BEGIN
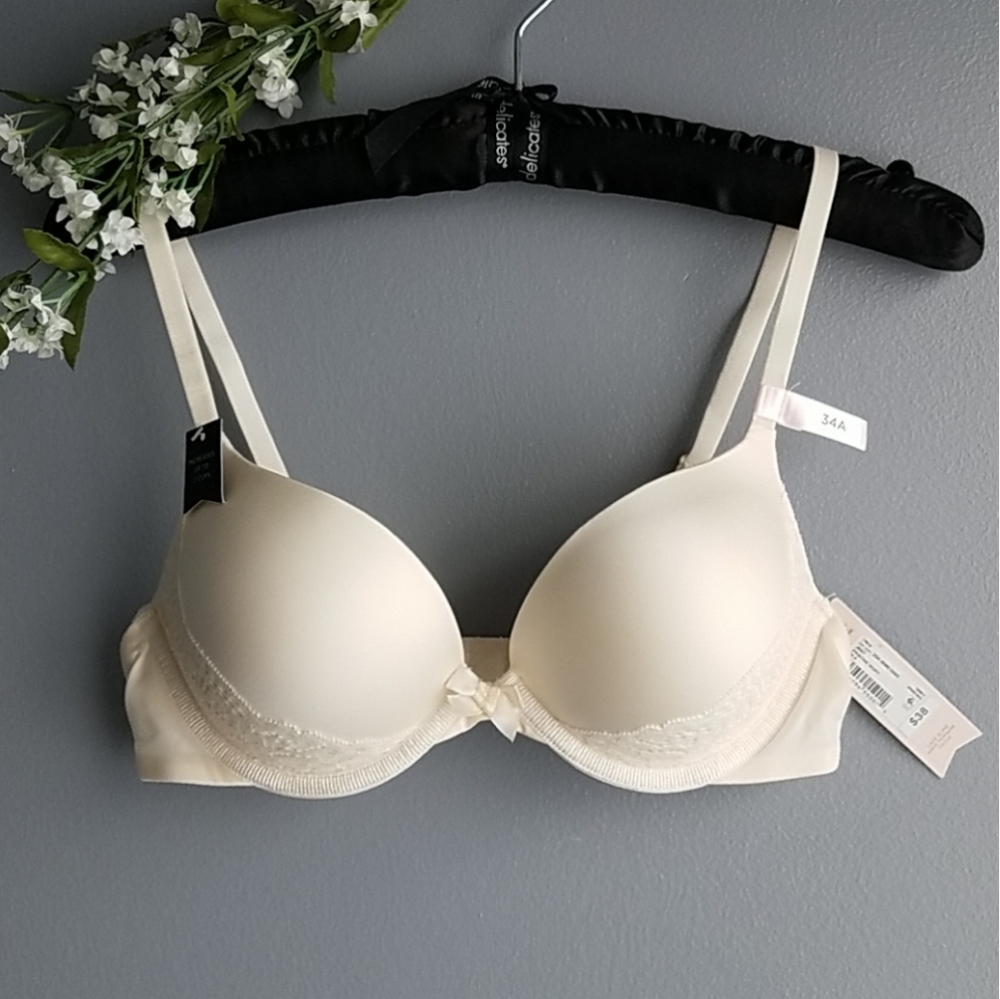 NWT Ambrielle 34A Ultimate Upsize With Lace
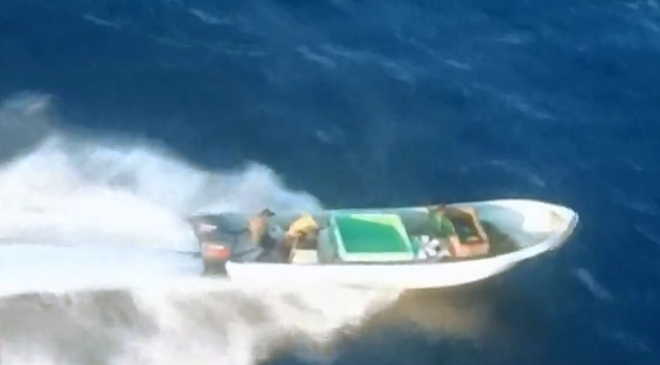 Άγρια καταδίωξη εμπόρων κοκαΐνης στη θάλασσα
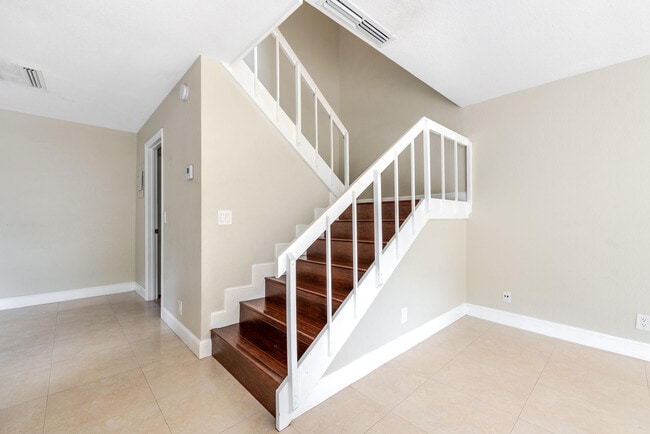 Building Photo - 2471 Waterside Dr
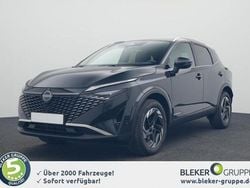 Pearl black schwarz Gebraucht 2024 Nissan Qashqai Comfort SUV | 29.890 € (Superpreis)
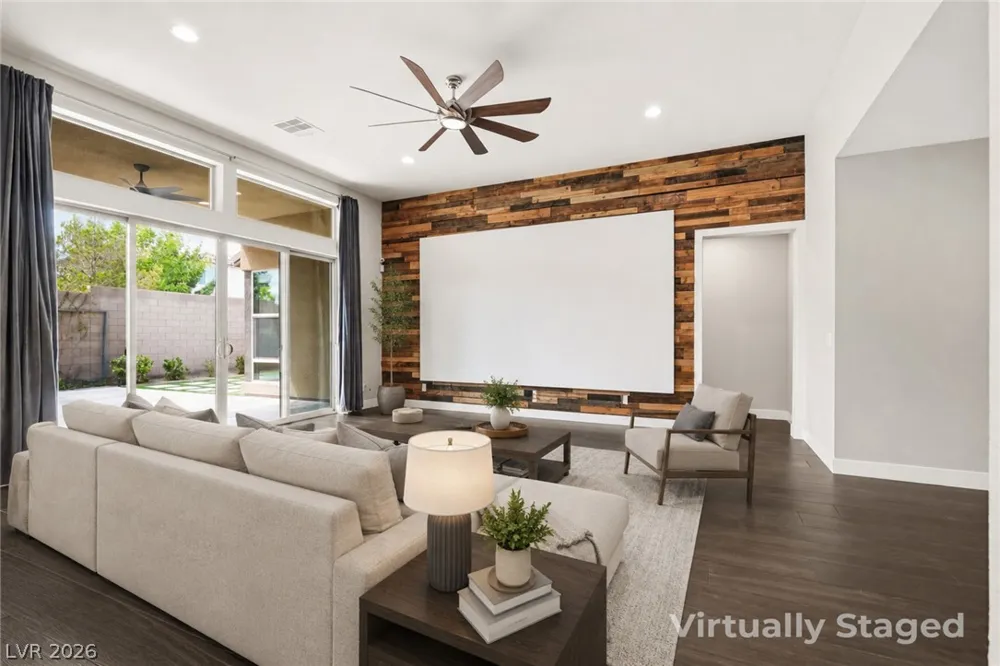 8445 Great Outdoors Street Las Vegas, NV 89166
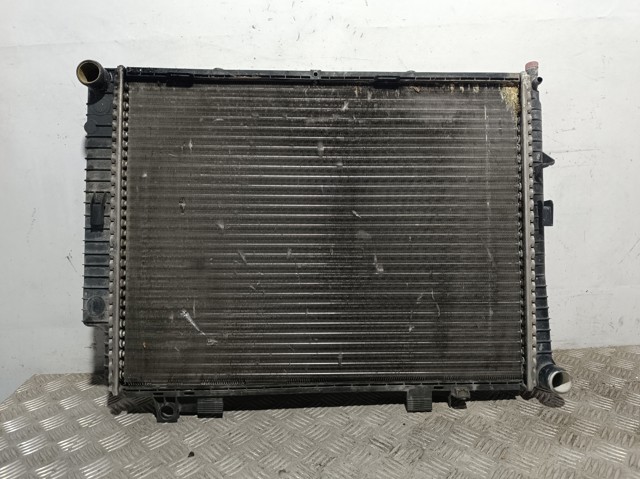 Radiador refrigeración del motor 2105003303 Mercedes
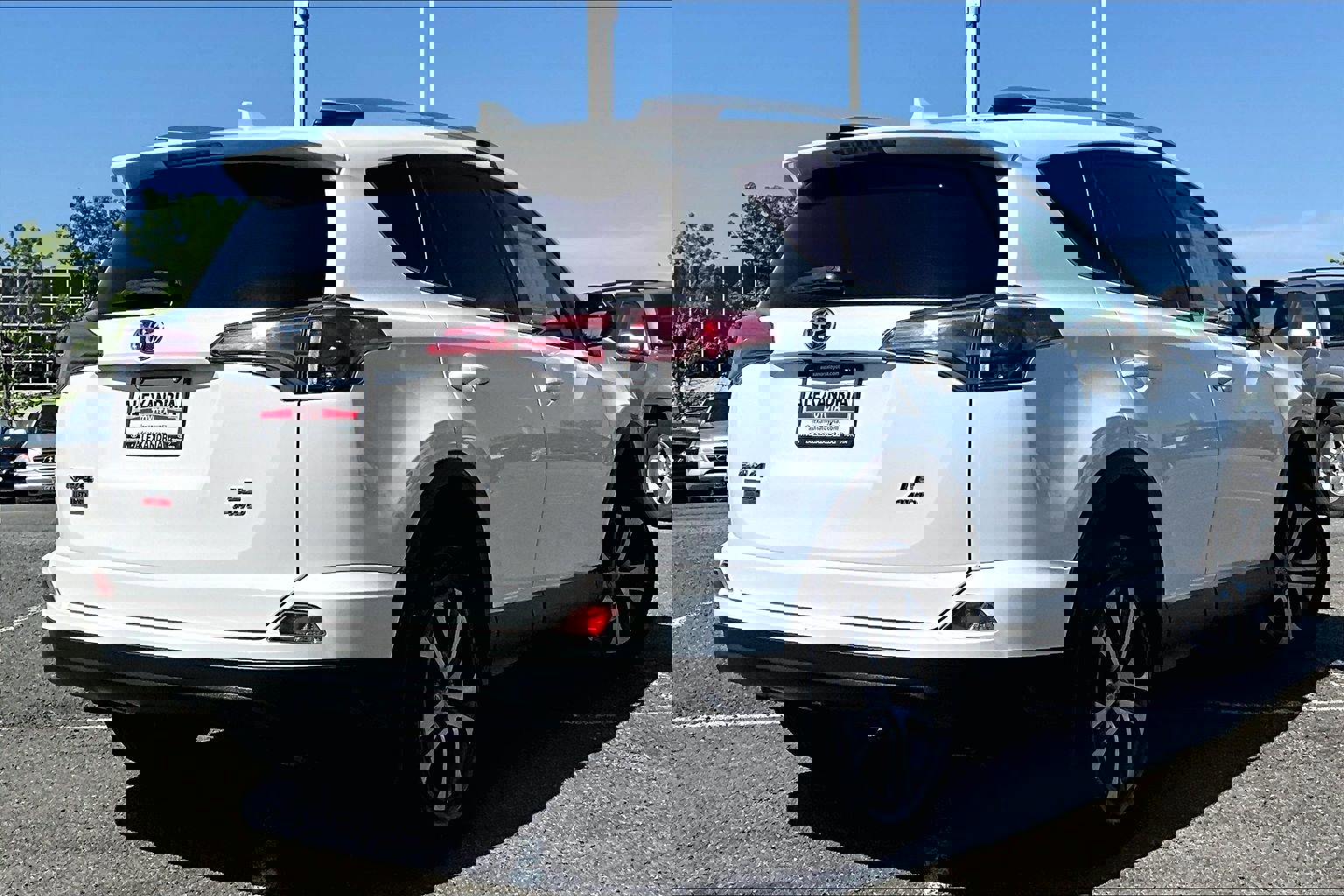 Used 2016 Toyota RAV4 LE image 12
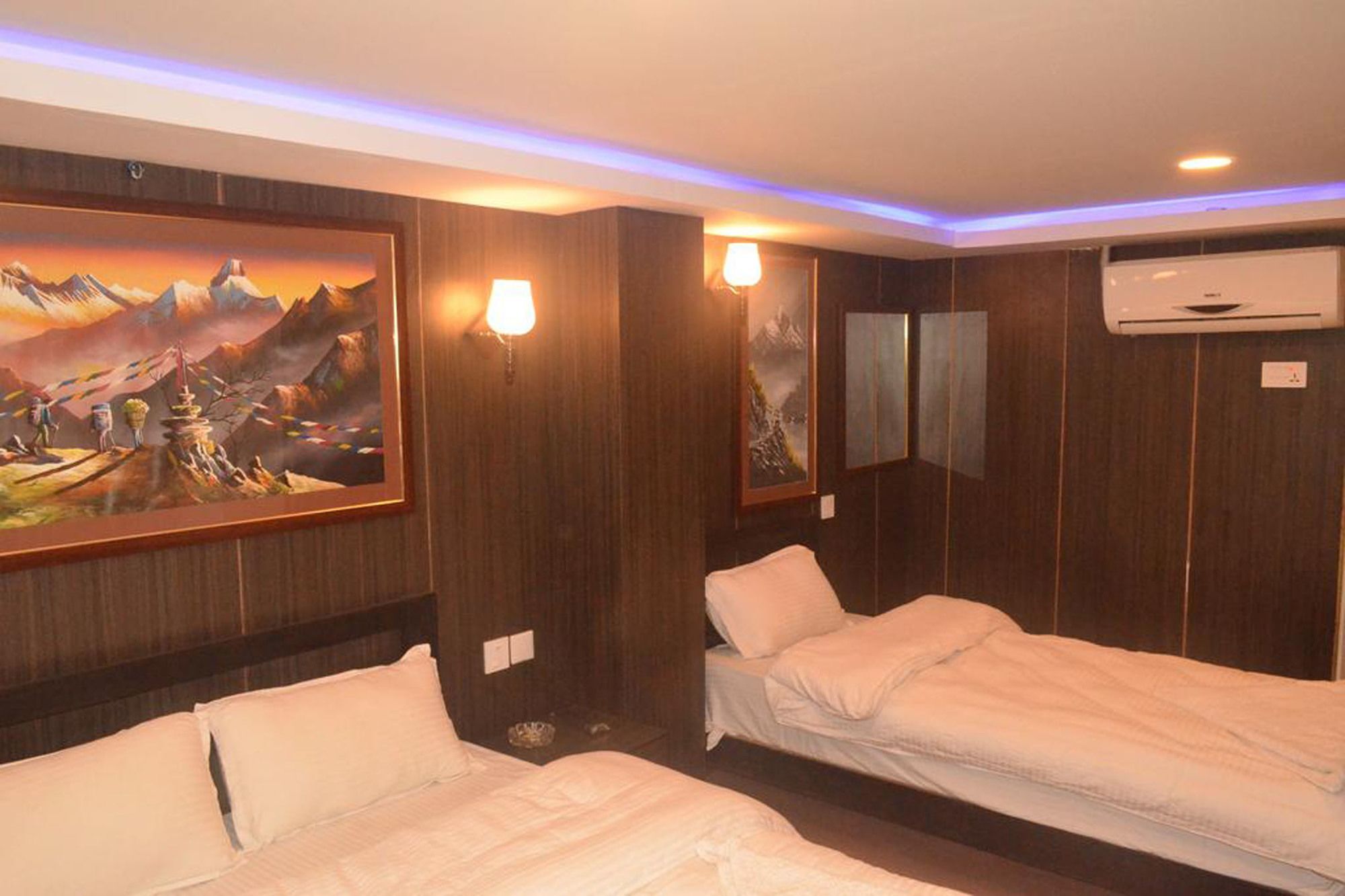 Hotel Holiday Inn Kathmandu Exterior photo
END
In the listing above, find the line containing "Άγρια καταδίωξη εμπόρων κοκαΐνης στη θάλασσα" and the line containing "Radiador refrigeración del". Reproduce those lines and all between them exactly, with no pictures and nothing more.

 Άγρια καταδίωξη εμπόρων κοκαΐνης στη θάλασσα
 Building Photo - 2471 Waterside Dr
 Pearl black schwarz Gebraucht 2024 Nissan Qashqai Comfort SUV | 29.890 € (Superpreis)
 8445 Great Outdoors Street Las Vegas, NV 89166
 Radiador refrigeración del motor 2105003303 Mercedes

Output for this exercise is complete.